> **Exercise description**
Among the entries below, only the lines from the one with "Tableaux poissons Cinq baleines vintage" through the one with "Lotus subbiflorus subbiflorus" are wanted, reproduced exactly. Pictures are not wanted.

> **Dataset excerpts**
◇ ◇ ◇ ◇

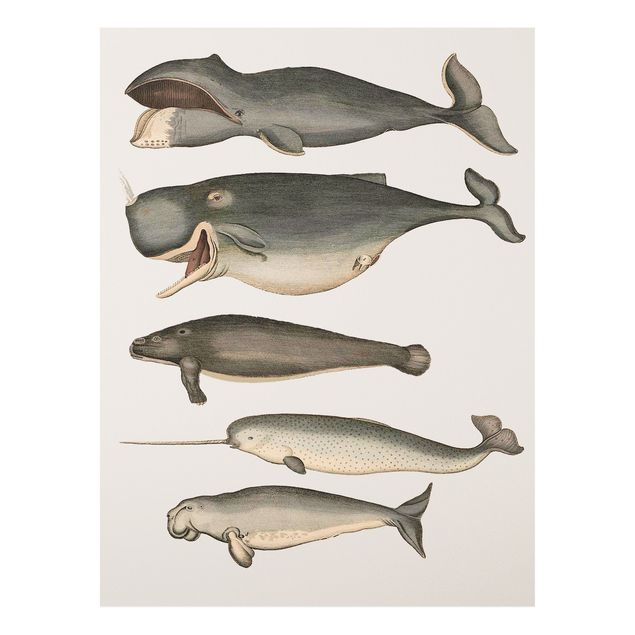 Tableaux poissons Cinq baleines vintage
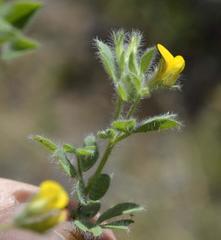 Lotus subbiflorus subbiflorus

◇ ◇ ◇ ◇

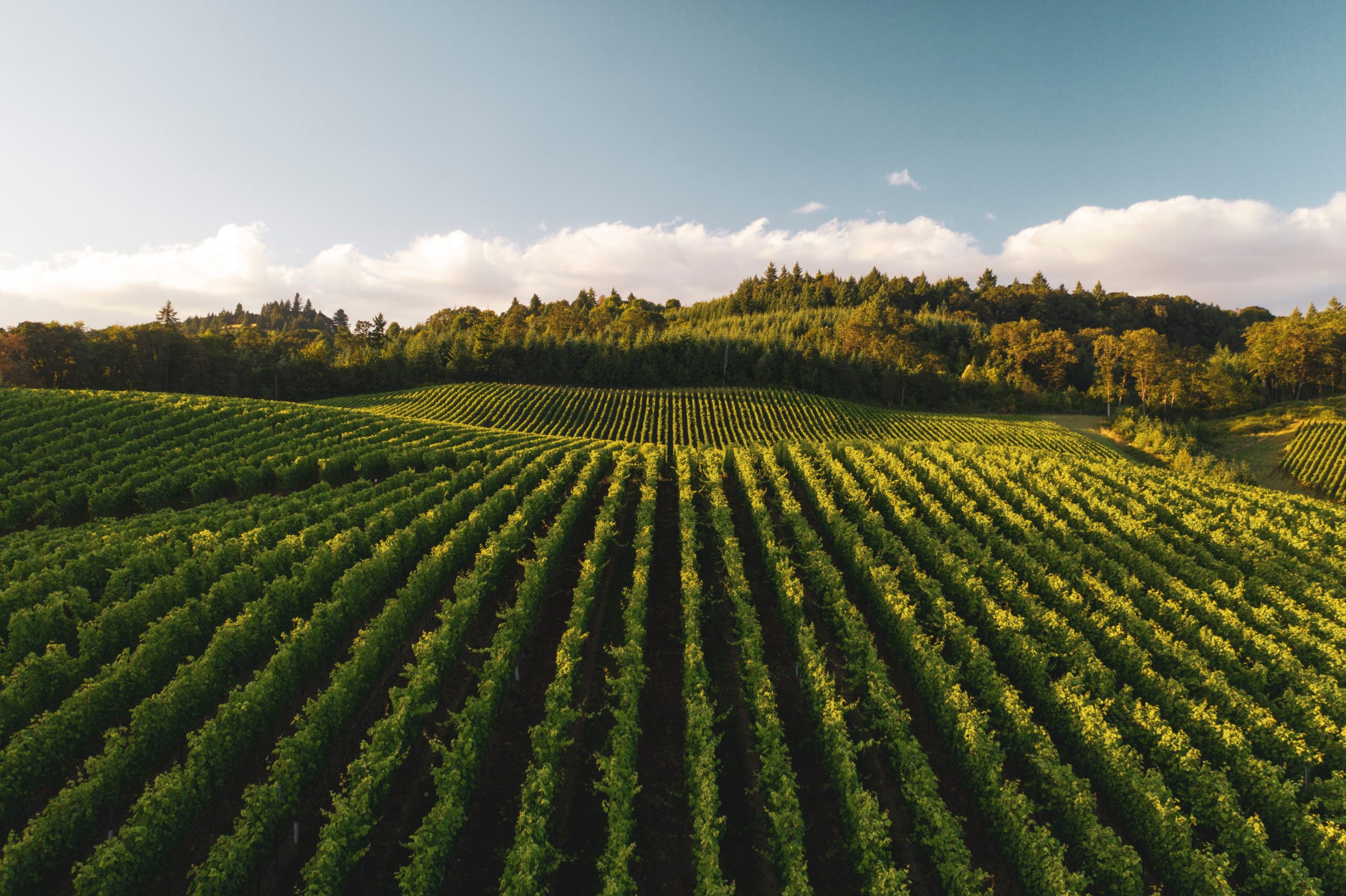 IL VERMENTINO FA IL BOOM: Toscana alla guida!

◇ ◇ ◇ ◇

> **Task output**
 Tableaux poissons Cinq baleines vintage
 Lotus subbiflorus subbiflorus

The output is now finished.